■ Task to carry out
In the data below, find the line with "Dachshund dogs for" and output it along with every later line, exactly, but not the pictures.

Records excerpted from a collection:
┄┄┄┄┄┄
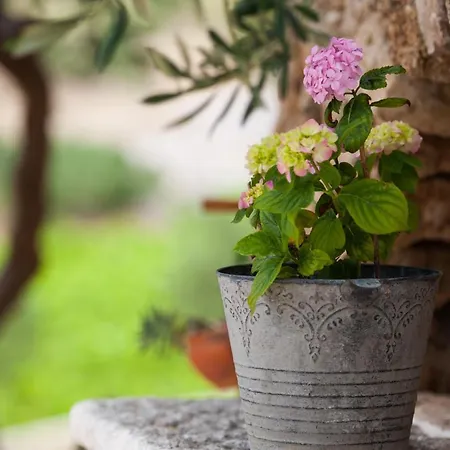 Franka With Pool Apartman Bol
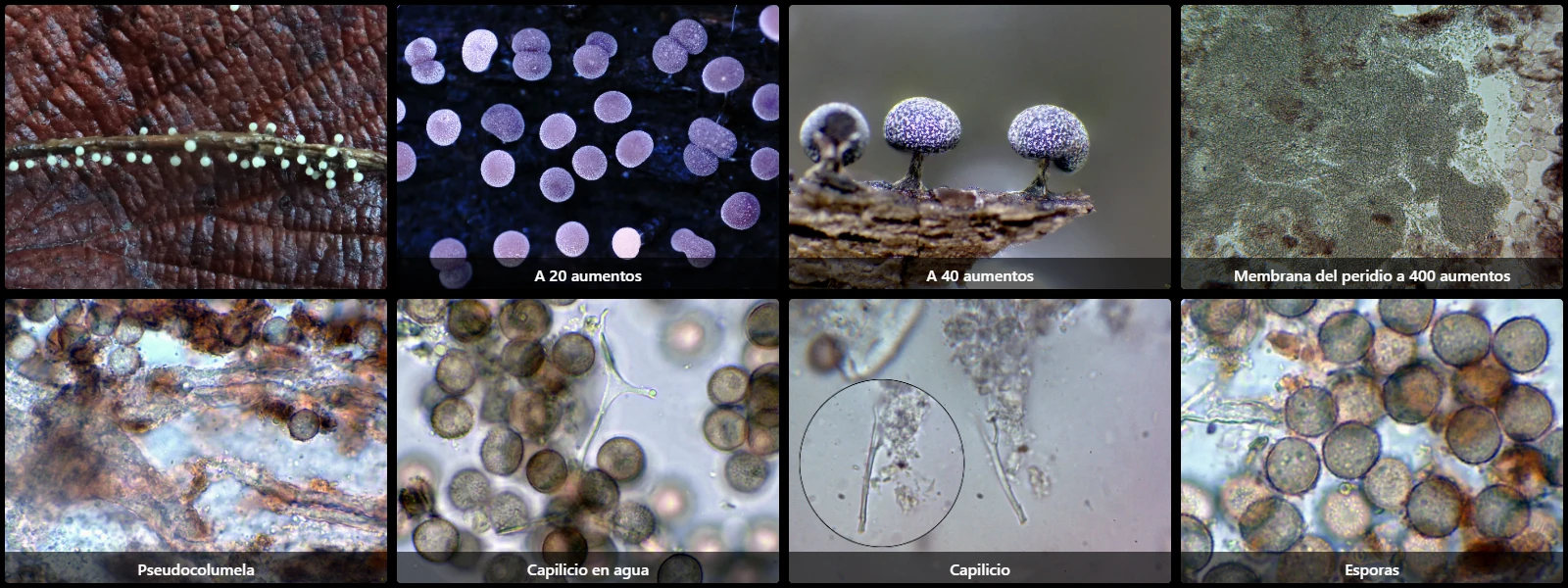 Microscopía de Physarum leucophaeum
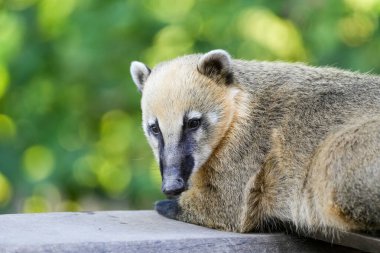 Portrait of a coati against a green background. Nasua.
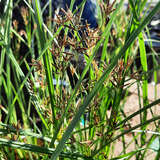 Cyperus longus - Langes Zypergras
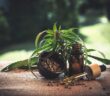 Est-ce que le CBD est remboursé ?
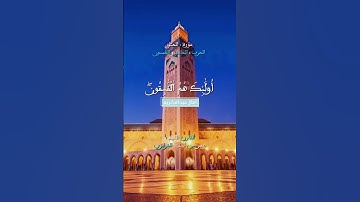 تلاوة خاشعة تأسر القلوب بجمالها من سورة الحشر بصوت الشيخ عمر القزابري
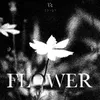 About Flower Song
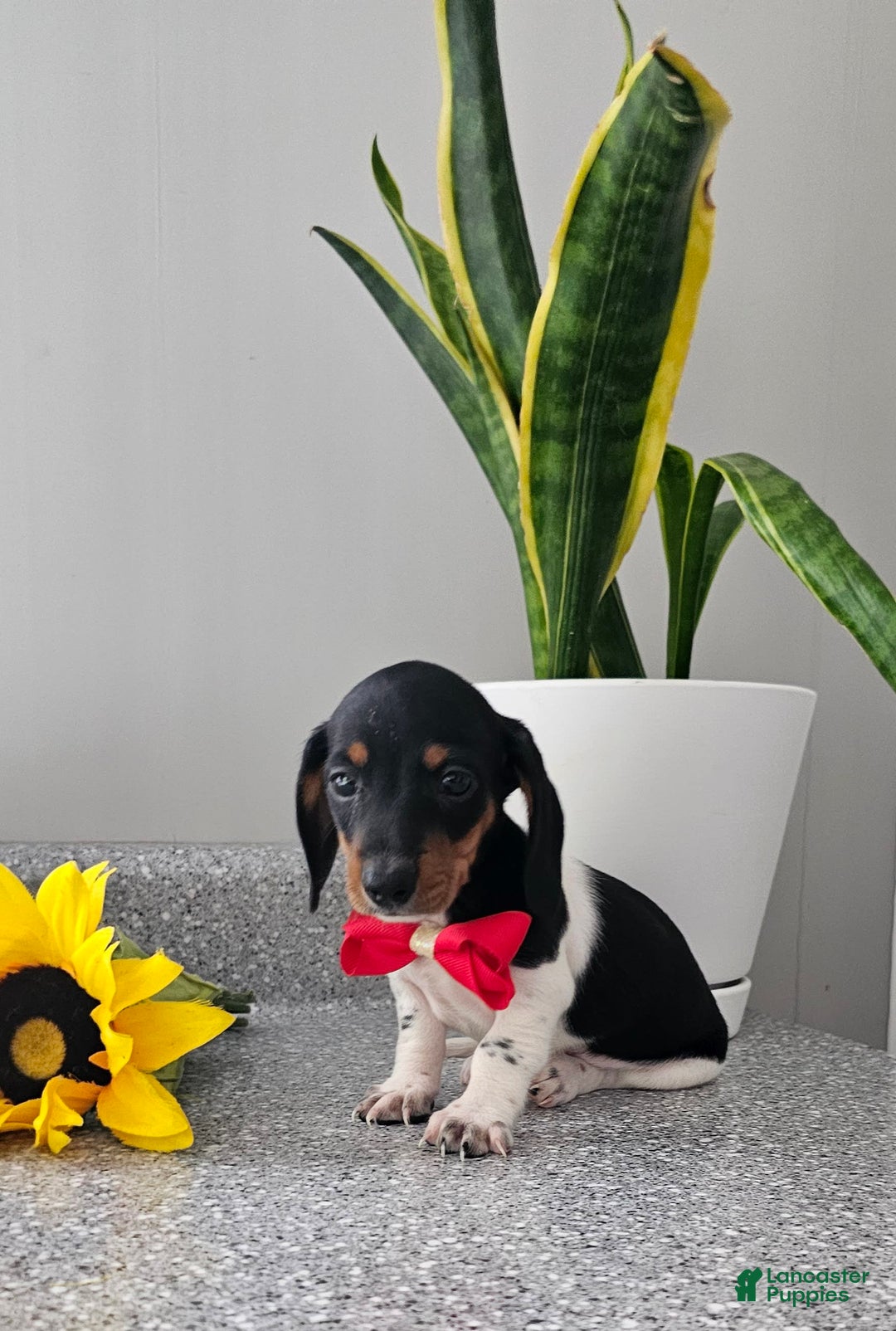 Dachshund dogs for sale: Lil Peanut - Image 29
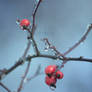 Rose Hips on Ice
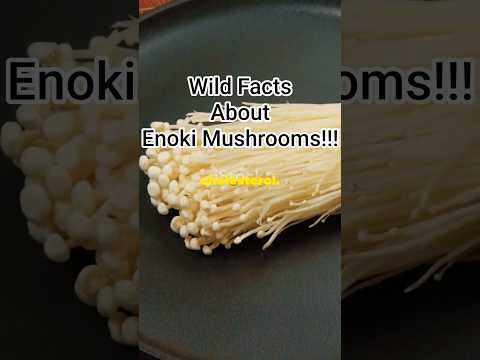 Jamur Enoki Bahaya Atau Tidak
┄┄┄┄┄┄
■ Result of the exercise
 Dachshund dogs for sale: Lil Peanut - Image 29
 Rose Hips on Ice
 Jamur Enoki Bahaya Atau Tidak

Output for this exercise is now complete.